* Activity: What is needed is an exact transcription of every record, minus the pictures.

Data in this exercise Block Start

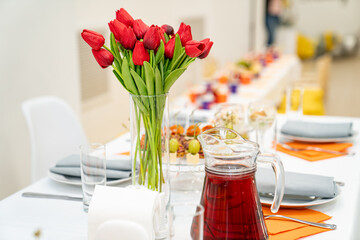 vase with a bouquet of red tulips on the festive table. serving the table with appetizers, canapes, salads in jars. Catering. restaurant business.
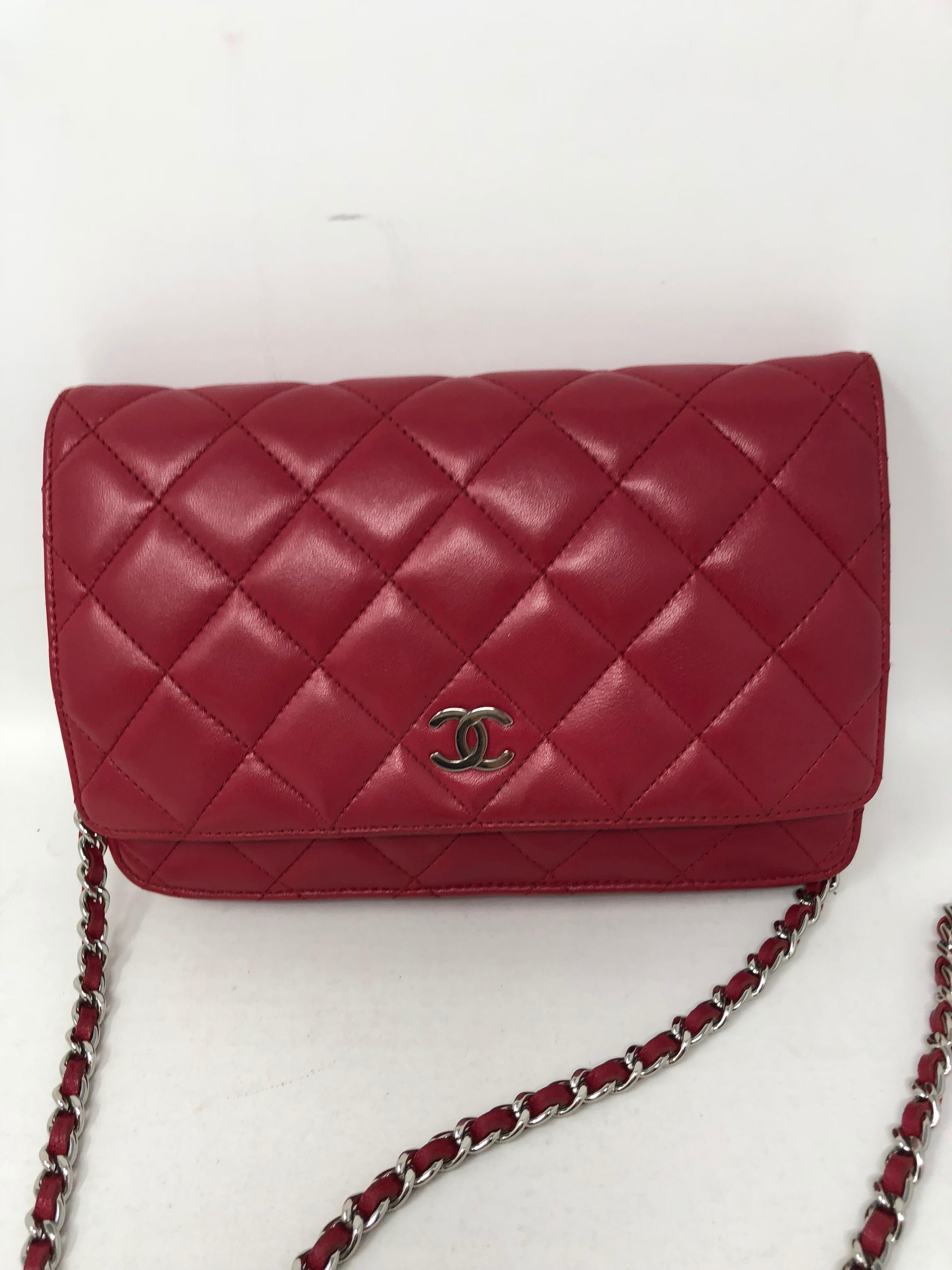 Chanel Raspberry hot pink Wallet on Chain Crossbody Bag. Bright hot pink leather with silver hardware. Mint condition. Hard to find color. Guaranteed authentic. 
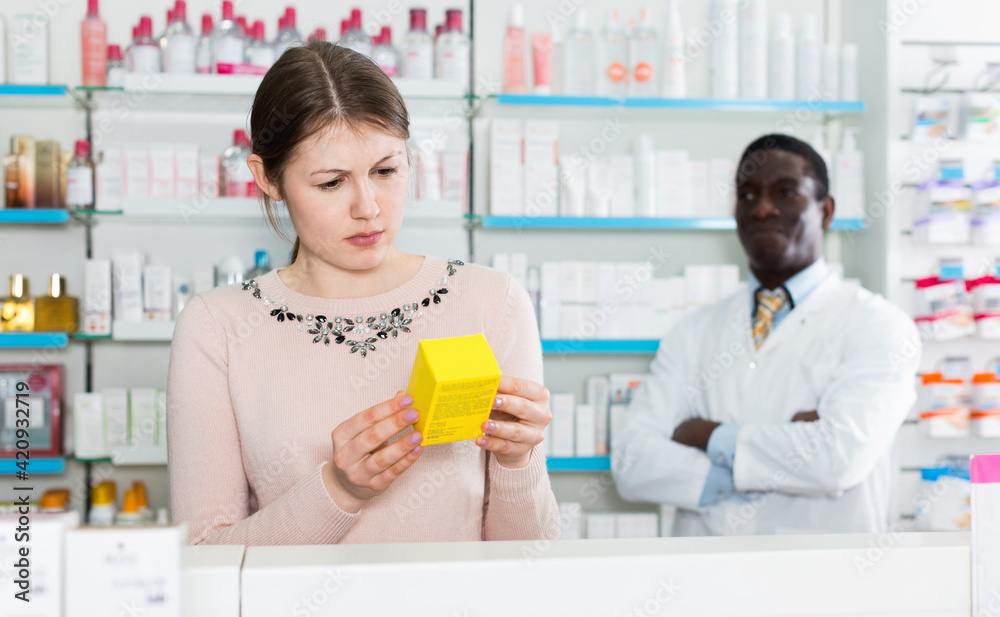 Pensive serious pleasant young woman choosing medicines in modern pharmacy
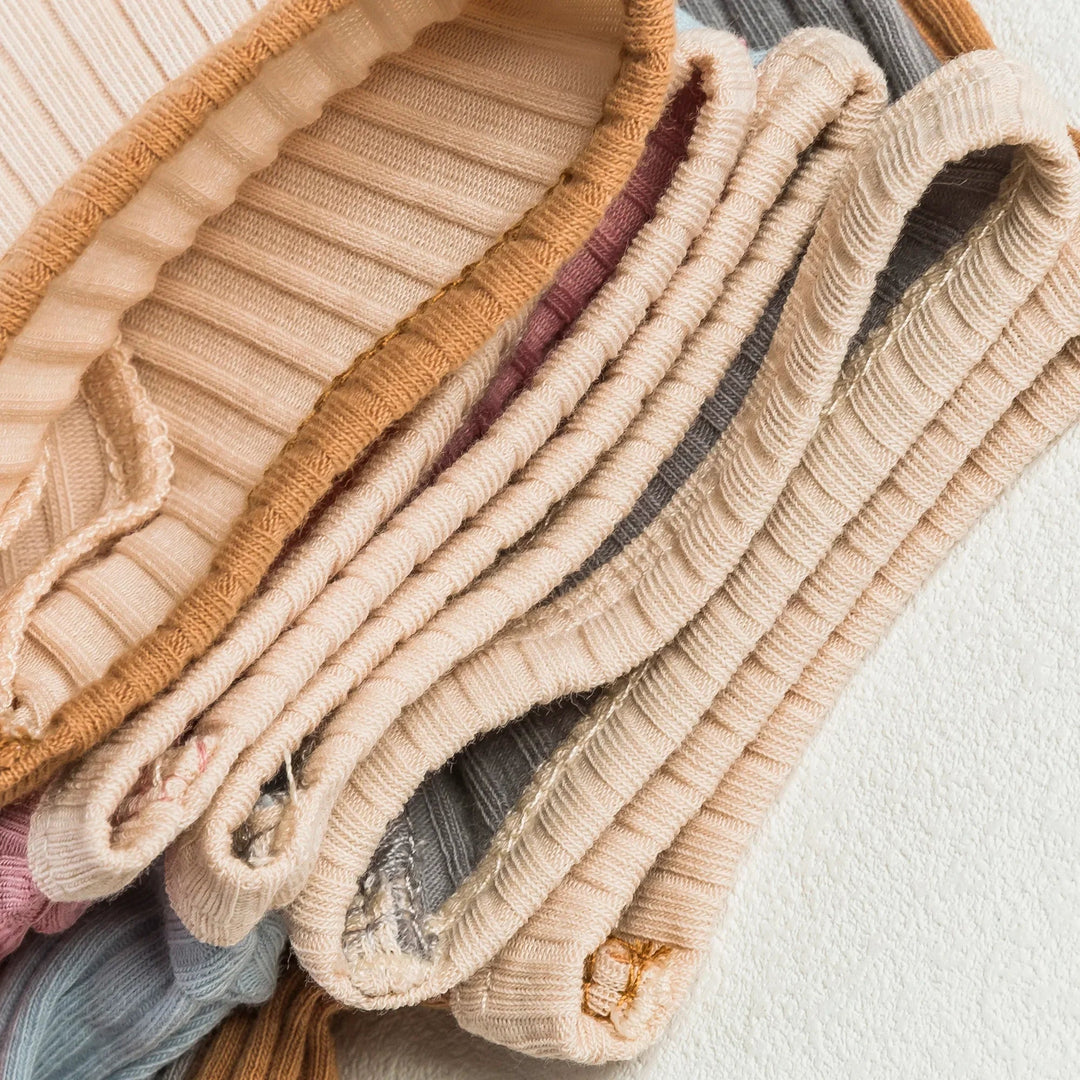 Stacked ribbed cotton baby rompers showing contrasting bound edges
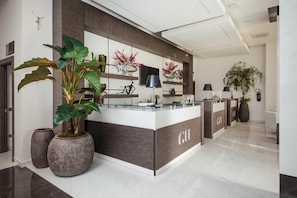 A reception area with a reception desk, potted plants, and a modern interior design. - Grieco Business & Spa Hotel (Cerignola)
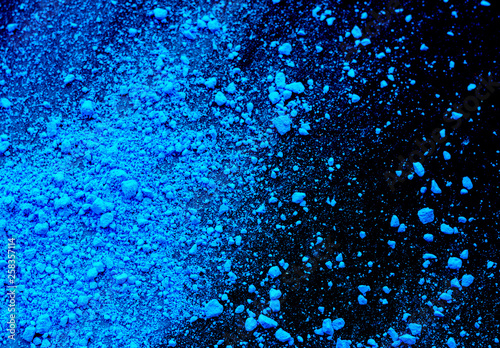 Pile of blue colored pigment powder. Blue powder particles splatter on black blackground.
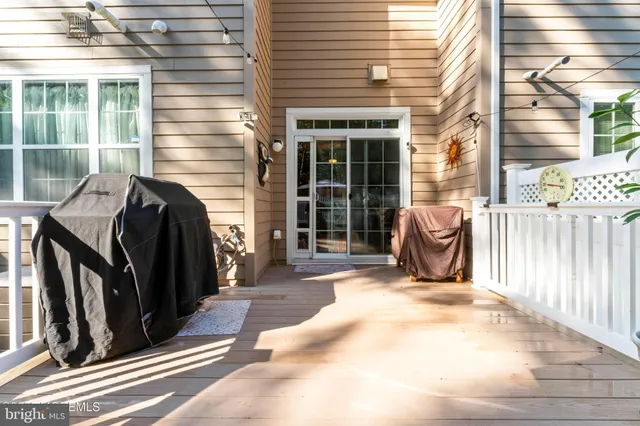a view of a patio with table and chairs and wooden floor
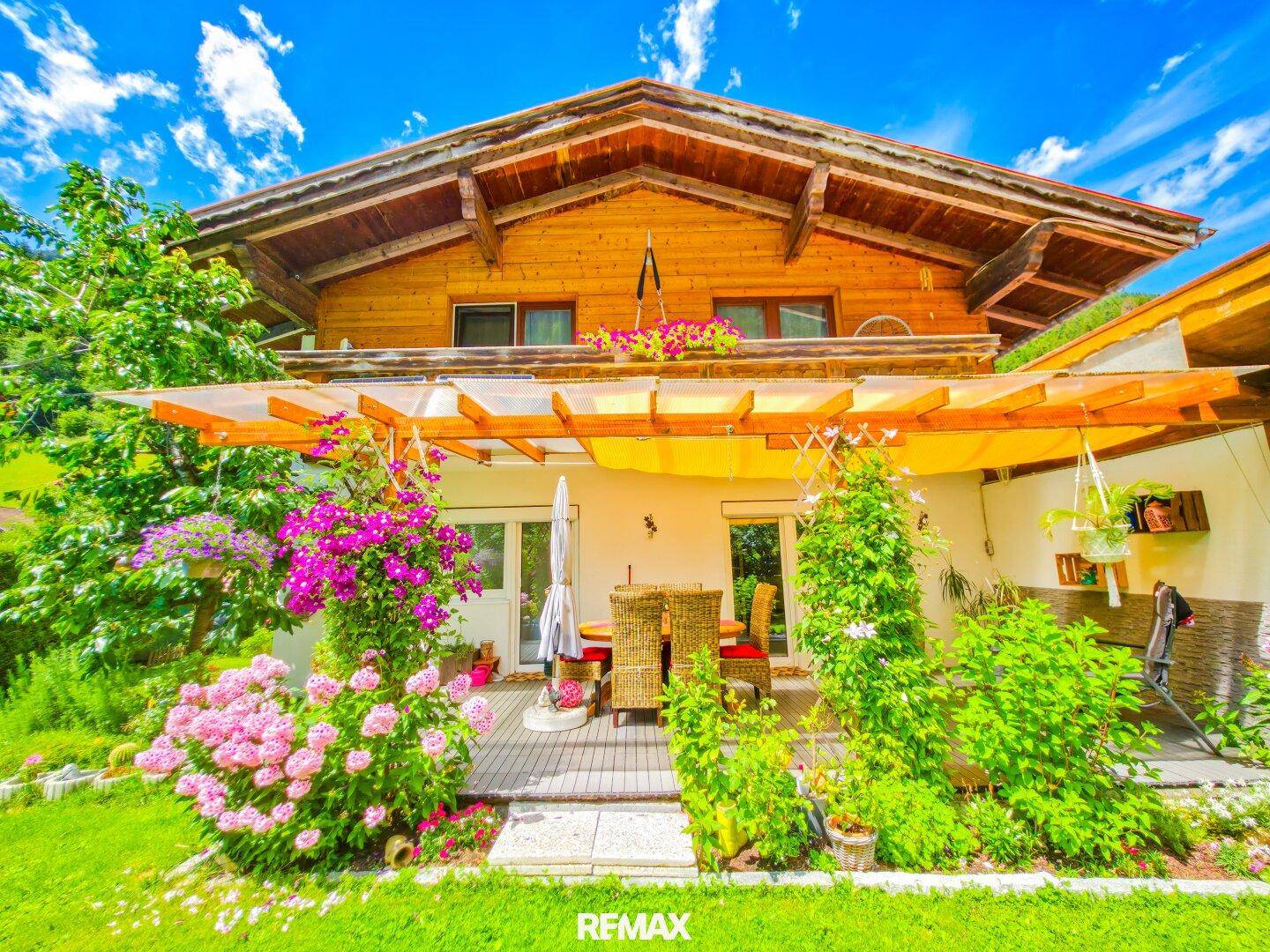 Charmantes Haus mit Holzfassade, einer blühenden Terrasse und einem gepflegten Gartenbereich.
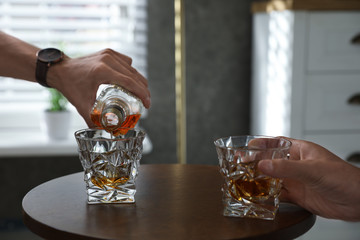 Young men drinking whiskey together at home, closeup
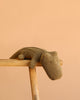The Maileg Crocodile, Medium - Olive Green is a soft, huggable plush toy shown resting on a light wooden stool against a plain peach-colored background.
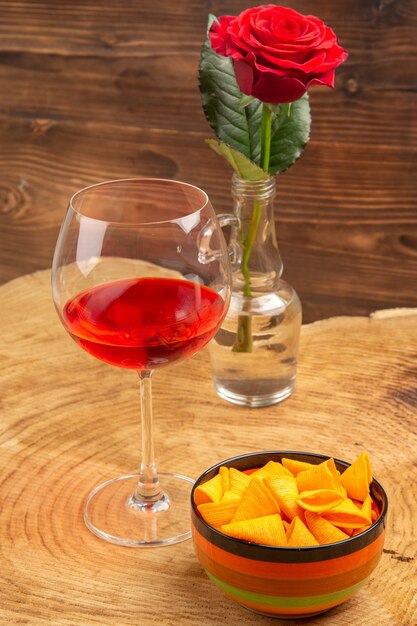 Bottom view balloon wine glass chips in bowl red rose on brown surface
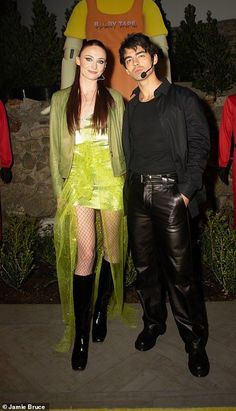 two people standing next to each other in costume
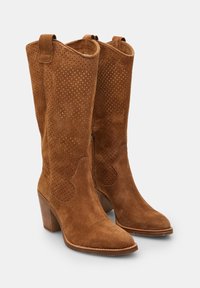 Botas de cowboy de ante marrón con detalles perforados, punta afilada y tacón de bloque medio. Incluyen una cremallera lateral para facilitar su uso.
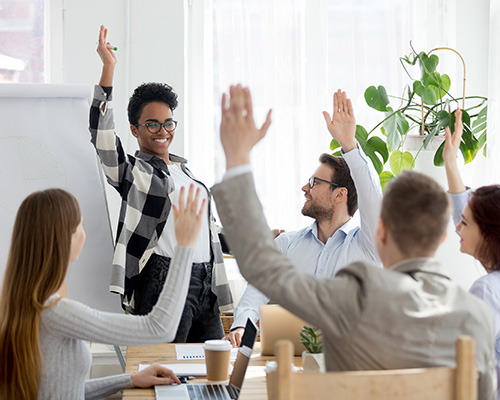 Diverse business people raise their hands while listening to a cheerful consultant standing at the head of the table leading the meeting.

Data in this exercise Block End

* Result of the exercise:
 vase with a bouquet of red tulips on the festive table. serving the table with appetizers, canapes, salads in jars. Catering. restaurant business.
 Chanel Raspberry hot pink Wallet on Chain Crossbody Bag. Bright hot pink leather with silver hardware. Mint condition. Hard to find color. Guaranteed authentic. 
 Pensive serious pleasant young woman choosing medicines in modern pharmacy
 Stacked ribbed cotton baby rompers showing contrasting bound edges
 A reception area with a reception desk, potted plants, and a modern interior design. - Grieco Business & Spa Hotel (Cerignola)
 Pile of blue colored pigment powder. Blue powder particles splatter on black blackground.
a view of a patio with table and chairs and wooden floor
 Charmantes Haus mit Holzfassade, einer blühenden Terrasse und einem gepflegten Gartenbereich.
 Young men drinking whiskey together at home, closeup
The Maileg Crocodile, Medium - Olive Green is a soft, huggable plush toy shown resting on a light wooden stool against a plain peach-colored background.
 Bottom view balloon wine glass chips in bowl red rose on brown surface
 two people standing next to each other in costume
 Botas de cowboy de ante marrón con detalles perforados, punta afilada y tacón de bloque medio. Incluyen una cremallera lateral para facilitar su uso.
 Diverse business people raise their hands while listening to a cheerful consultant standing at the head of the table leading the meeting.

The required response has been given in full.